I use computers every day and, personally, I wish there were wayyyy fewer of them.
The issue with modern engineering, technology, and infrastructure is that we have taken all of our hardware problems and turned them into software problems. They are, as a rule, easier to deploy, but much harder to maintain and repair.
In a reasonable system it should not be possible, to hack a gas pump, or for there to be a need to update your refrigerator's firmware, or for an important component to be decommissioned overnight because a tiny startup on the other end of the world went belly up.
The value of physical hardware is that it can be directly inspected and manipulated in a way that software can't. It's harder for hardware to lie or cheat or hide anything whereas secrecy is a norm in software. The material of software is capable of misleading and confusing it's operators in a way physical objects struggle to do without a gimmick of some sort.
Hardware can be coerced to continue running indefinitely whereas old software needs the equivalent of a specially crafted, hermetically sealed life support system to outlive its usefulness for even a few years.
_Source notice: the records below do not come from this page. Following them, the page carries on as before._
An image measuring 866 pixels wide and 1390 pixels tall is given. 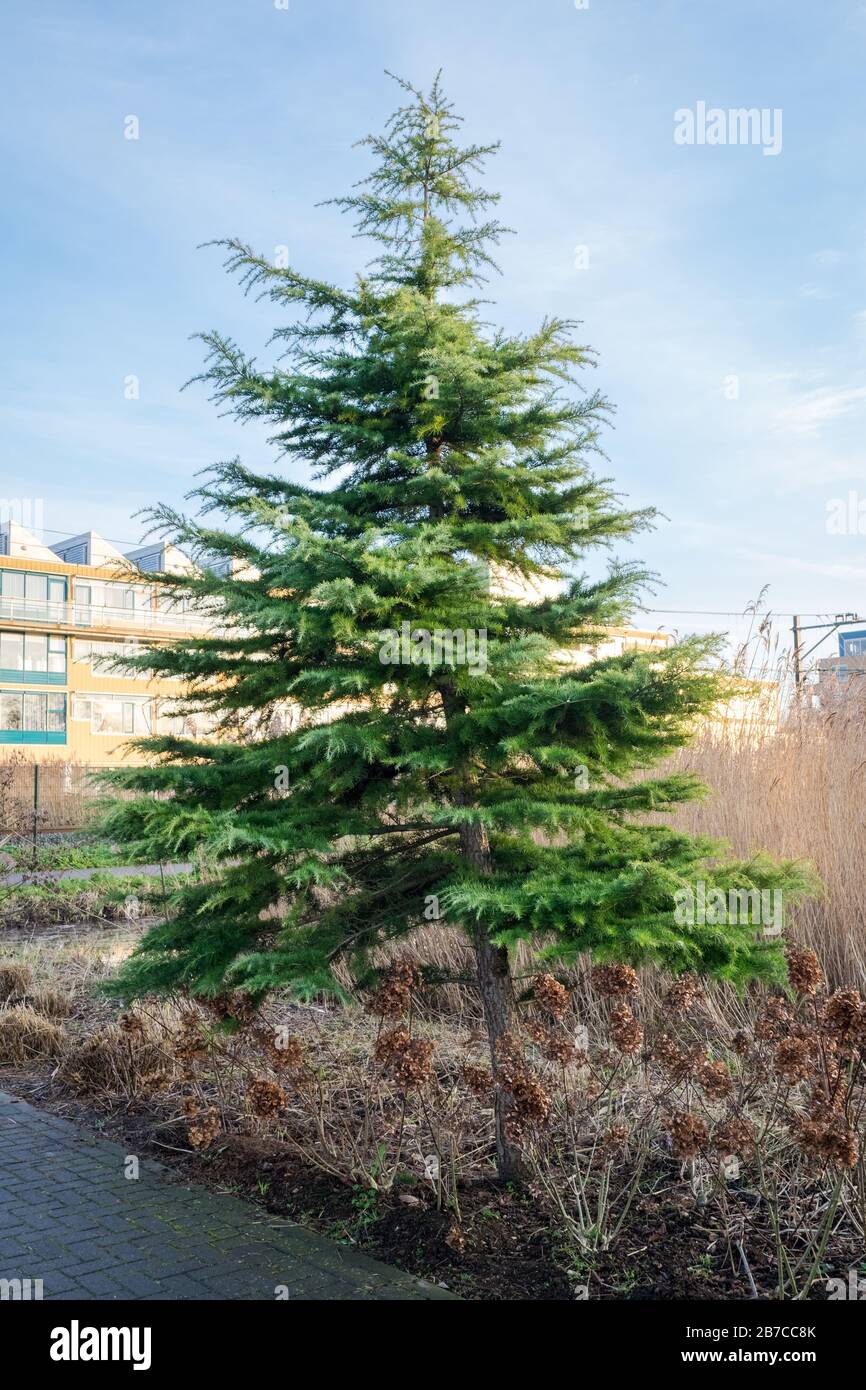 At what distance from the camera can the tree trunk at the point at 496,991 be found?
4.43 m

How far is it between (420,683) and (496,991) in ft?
4.50

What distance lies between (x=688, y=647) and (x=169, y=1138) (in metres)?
3.75

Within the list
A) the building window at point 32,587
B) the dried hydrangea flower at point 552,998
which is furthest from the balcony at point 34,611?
the dried hydrangea flower at point 552,998

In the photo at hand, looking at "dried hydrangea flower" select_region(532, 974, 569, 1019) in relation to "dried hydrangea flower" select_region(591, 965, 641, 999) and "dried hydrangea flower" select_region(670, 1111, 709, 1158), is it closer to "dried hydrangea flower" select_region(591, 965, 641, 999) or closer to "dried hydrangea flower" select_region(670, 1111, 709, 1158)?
"dried hydrangea flower" select_region(591, 965, 641, 999)

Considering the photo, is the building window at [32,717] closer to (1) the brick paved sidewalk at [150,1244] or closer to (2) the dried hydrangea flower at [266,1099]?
(1) the brick paved sidewalk at [150,1244]

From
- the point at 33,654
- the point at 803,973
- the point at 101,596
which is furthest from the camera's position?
the point at 101,596

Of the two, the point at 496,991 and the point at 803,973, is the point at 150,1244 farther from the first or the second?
the point at 803,973

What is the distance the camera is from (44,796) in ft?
72.7

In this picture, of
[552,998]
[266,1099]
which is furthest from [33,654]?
[552,998]

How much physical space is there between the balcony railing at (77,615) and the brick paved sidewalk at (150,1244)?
4254 centimetres

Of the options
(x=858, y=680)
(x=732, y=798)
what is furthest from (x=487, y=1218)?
(x=858, y=680)

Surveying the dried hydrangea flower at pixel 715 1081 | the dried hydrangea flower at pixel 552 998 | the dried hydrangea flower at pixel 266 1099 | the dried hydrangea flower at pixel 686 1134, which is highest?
the dried hydrangea flower at pixel 552 998

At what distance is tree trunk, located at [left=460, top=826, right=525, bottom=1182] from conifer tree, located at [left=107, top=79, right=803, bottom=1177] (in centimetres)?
2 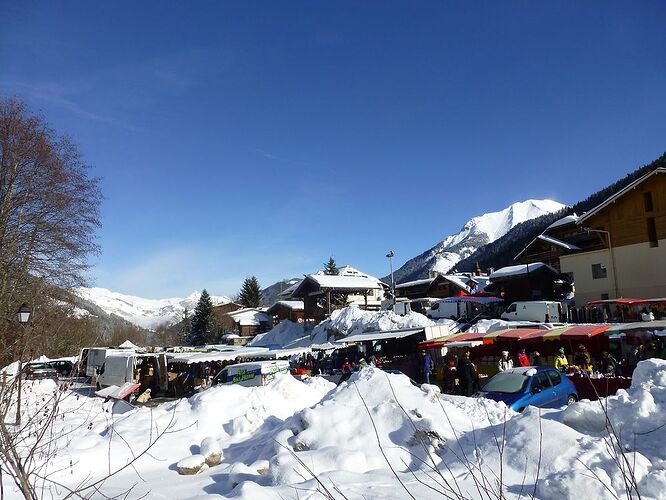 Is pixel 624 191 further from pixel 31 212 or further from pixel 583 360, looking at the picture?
pixel 31 212

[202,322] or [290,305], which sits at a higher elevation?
[290,305]

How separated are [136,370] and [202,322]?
42.9 metres

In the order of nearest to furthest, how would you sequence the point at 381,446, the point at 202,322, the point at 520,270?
1. the point at 381,446
2. the point at 520,270
3. the point at 202,322

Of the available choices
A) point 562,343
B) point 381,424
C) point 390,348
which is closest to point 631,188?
point 562,343

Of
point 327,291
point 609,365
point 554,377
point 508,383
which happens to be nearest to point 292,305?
point 327,291

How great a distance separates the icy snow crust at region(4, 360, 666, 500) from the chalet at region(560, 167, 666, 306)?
26.0 metres

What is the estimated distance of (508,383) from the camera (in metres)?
11.8

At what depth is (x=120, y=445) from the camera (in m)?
9.78

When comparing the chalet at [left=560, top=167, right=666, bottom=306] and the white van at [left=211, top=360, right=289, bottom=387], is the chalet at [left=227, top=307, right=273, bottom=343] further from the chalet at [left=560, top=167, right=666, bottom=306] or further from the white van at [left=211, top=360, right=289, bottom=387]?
the white van at [left=211, top=360, right=289, bottom=387]

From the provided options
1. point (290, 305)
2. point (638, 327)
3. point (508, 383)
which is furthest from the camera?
point (290, 305)

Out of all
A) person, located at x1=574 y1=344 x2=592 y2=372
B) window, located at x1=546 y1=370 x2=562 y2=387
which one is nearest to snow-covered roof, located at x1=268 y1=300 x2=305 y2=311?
person, located at x1=574 y1=344 x2=592 y2=372

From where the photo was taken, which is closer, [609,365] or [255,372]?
[609,365]

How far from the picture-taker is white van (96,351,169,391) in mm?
23688

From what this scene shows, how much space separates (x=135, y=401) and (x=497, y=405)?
55.1 ft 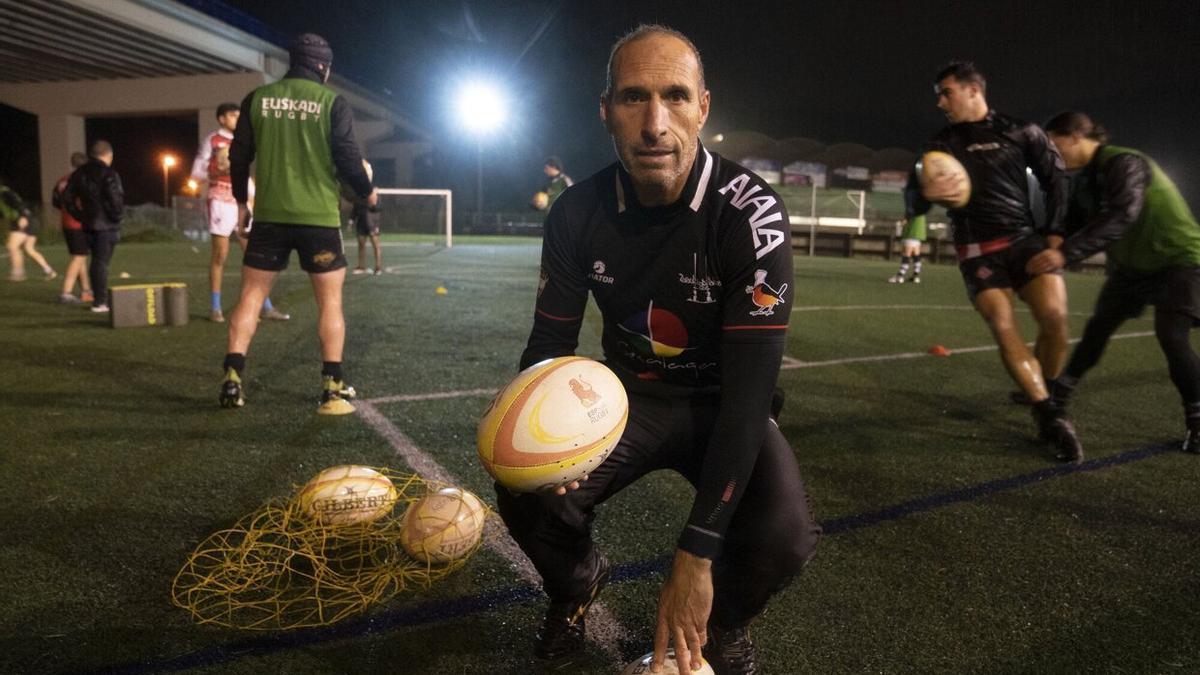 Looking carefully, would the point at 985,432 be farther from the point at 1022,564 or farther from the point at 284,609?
the point at 284,609

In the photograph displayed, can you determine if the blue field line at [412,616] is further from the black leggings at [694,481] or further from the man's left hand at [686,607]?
the man's left hand at [686,607]

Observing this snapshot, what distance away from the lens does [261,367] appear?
6.35 m

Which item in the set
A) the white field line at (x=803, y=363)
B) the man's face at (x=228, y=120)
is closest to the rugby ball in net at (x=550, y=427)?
the white field line at (x=803, y=363)

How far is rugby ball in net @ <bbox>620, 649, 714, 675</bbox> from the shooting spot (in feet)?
6.75

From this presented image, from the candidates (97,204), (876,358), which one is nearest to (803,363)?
(876,358)

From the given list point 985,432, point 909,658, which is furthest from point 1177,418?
point 909,658

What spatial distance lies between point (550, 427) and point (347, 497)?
4.72ft

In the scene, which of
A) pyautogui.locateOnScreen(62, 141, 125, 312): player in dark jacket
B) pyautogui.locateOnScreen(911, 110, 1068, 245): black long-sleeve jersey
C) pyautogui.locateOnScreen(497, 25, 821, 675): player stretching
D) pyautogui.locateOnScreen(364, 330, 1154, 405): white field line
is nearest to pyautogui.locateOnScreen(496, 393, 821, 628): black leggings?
pyautogui.locateOnScreen(497, 25, 821, 675): player stretching

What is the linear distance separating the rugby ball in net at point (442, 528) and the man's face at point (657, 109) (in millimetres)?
1484

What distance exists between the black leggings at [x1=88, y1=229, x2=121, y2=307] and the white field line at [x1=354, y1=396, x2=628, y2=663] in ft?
20.8

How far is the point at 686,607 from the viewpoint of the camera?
1.95 meters

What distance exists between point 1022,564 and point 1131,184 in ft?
9.73

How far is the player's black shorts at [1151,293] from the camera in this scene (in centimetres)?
472

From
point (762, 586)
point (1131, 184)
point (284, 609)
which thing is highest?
point (1131, 184) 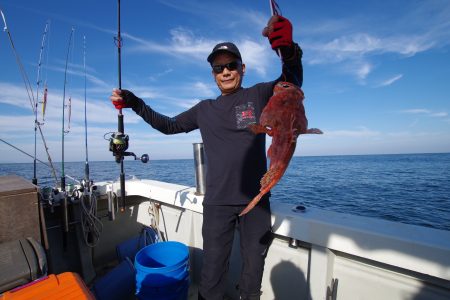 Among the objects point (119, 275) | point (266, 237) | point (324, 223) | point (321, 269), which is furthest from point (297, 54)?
point (119, 275)

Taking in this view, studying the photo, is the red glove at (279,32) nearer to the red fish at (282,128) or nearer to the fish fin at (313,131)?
the red fish at (282,128)

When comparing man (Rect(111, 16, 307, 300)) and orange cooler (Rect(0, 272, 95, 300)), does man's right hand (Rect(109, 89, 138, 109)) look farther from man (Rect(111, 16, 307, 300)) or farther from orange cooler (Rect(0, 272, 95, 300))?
orange cooler (Rect(0, 272, 95, 300))

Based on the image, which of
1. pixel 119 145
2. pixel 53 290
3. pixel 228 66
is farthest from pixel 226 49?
pixel 53 290

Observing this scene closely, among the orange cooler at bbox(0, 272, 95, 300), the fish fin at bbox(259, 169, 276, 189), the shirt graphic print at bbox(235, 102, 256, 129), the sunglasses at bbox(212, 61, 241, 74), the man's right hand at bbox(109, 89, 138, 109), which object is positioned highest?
the sunglasses at bbox(212, 61, 241, 74)

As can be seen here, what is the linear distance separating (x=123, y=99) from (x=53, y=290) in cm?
190

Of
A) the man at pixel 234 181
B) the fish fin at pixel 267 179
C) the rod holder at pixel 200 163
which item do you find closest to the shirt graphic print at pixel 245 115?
the man at pixel 234 181

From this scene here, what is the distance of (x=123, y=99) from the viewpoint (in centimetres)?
270

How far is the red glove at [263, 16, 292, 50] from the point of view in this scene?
182 centimetres

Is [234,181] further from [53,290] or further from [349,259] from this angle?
[53,290]

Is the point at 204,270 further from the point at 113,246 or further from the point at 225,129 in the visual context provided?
the point at 113,246

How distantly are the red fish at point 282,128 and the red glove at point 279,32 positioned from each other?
0.35m

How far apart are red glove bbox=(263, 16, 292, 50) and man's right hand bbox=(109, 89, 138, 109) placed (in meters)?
1.71

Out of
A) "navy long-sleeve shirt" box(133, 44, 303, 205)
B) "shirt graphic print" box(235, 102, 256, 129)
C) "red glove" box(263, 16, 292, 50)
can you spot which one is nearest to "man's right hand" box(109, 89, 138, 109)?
"navy long-sleeve shirt" box(133, 44, 303, 205)

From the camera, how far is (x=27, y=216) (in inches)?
103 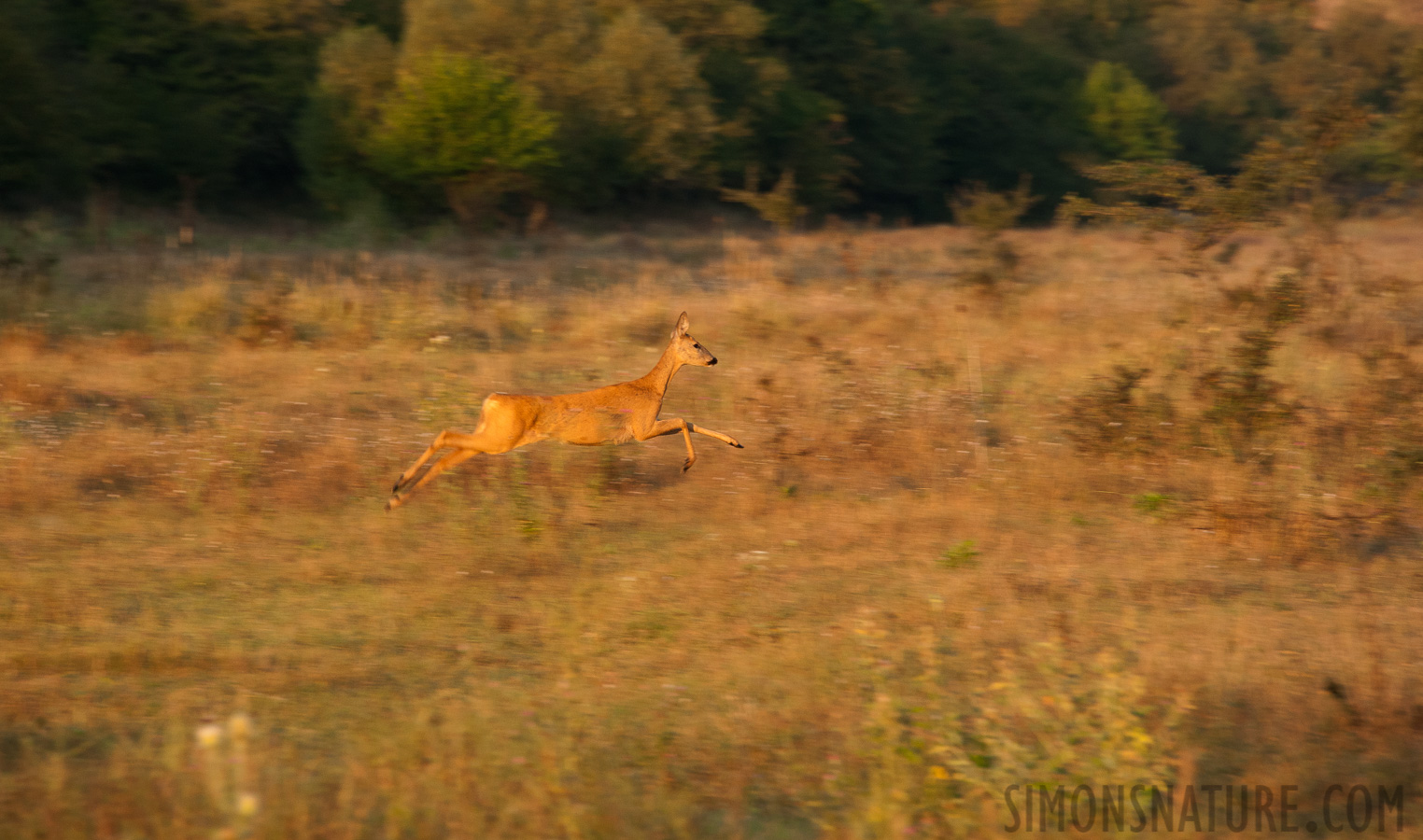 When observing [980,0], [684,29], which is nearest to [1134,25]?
[980,0]

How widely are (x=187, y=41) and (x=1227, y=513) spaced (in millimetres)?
32121

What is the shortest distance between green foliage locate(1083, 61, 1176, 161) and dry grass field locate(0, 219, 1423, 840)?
3420 centimetres

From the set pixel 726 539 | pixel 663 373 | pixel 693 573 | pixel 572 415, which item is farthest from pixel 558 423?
pixel 726 539

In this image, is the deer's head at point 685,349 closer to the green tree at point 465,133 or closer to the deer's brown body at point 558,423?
the deer's brown body at point 558,423

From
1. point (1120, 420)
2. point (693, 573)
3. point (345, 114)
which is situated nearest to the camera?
point (693, 573)

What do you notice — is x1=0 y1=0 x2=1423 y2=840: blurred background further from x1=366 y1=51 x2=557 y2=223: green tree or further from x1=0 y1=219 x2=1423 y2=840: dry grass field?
x1=366 y1=51 x2=557 y2=223: green tree

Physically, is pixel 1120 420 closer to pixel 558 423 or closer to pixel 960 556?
pixel 960 556

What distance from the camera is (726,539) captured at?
27.2 ft

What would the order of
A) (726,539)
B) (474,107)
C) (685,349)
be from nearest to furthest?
(685,349) → (726,539) → (474,107)

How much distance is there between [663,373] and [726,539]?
131 centimetres

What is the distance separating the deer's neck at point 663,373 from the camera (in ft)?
24.8

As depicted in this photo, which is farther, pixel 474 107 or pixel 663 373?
pixel 474 107

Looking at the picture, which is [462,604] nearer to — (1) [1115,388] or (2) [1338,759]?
(2) [1338,759]

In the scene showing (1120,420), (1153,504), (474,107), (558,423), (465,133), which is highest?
(474,107) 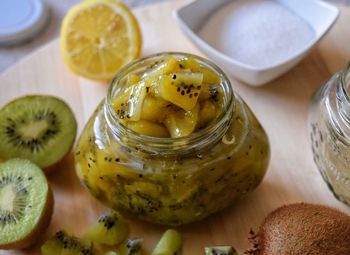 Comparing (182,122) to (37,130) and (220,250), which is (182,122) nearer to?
(220,250)

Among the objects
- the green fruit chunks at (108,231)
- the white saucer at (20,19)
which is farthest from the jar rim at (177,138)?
the white saucer at (20,19)

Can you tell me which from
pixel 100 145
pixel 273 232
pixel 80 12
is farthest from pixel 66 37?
pixel 273 232

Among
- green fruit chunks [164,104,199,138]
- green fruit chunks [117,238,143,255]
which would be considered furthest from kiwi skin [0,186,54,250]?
green fruit chunks [164,104,199,138]

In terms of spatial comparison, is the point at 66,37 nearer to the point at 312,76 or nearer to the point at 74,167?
the point at 74,167

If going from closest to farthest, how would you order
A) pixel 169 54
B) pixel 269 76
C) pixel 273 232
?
1. pixel 273 232
2. pixel 169 54
3. pixel 269 76

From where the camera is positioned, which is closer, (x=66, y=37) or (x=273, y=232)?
(x=273, y=232)

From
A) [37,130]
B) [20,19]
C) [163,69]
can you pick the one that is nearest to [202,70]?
[163,69]

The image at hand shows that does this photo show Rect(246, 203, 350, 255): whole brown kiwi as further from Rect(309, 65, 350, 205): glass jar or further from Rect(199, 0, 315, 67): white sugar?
Rect(199, 0, 315, 67): white sugar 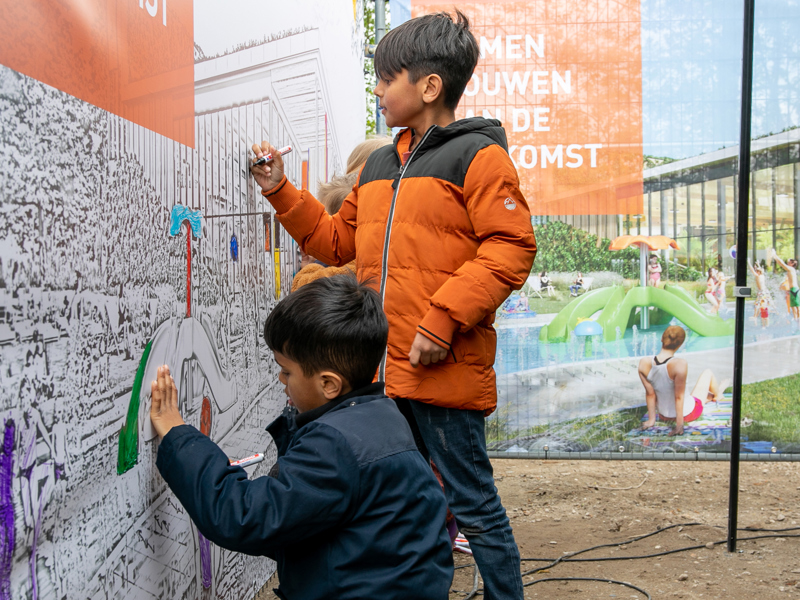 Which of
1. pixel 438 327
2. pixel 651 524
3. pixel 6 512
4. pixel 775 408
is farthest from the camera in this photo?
pixel 775 408

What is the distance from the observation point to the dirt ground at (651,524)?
8.71 feet

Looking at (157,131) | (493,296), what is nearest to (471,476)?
(493,296)

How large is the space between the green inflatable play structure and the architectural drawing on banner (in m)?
2.76

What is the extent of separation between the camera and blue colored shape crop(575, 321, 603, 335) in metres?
4.53

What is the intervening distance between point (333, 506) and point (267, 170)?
3.78ft

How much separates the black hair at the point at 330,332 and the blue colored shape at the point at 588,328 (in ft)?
10.7

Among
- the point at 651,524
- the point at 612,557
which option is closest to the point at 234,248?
the point at 612,557

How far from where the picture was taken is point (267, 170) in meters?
2.10

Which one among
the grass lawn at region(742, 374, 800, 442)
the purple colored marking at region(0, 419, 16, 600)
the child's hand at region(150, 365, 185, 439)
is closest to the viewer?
the purple colored marking at region(0, 419, 16, 600)

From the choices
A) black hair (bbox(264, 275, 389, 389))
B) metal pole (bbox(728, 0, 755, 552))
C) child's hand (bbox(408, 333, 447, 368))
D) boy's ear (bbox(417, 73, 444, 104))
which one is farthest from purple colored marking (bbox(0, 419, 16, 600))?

I'm reminded of when so much of the tools and infrastructure in our lives was stupid, direct, gravity fed, lever operated, simple machines that did one thing and did it well.
Now stuff breaks because a wildly abstracted system of captured photons that we tricked into doing math decided that just one out of those gajillions of uncountable particles was in the wrong place.
Don't get me wrong, I enjoy software. It's never been easier to just make a tool to solve hyper specific problems. I guess the issue is that software-centric solutions have just bled into so many applications to the point that it is wildly inappropriate and just plain annoying.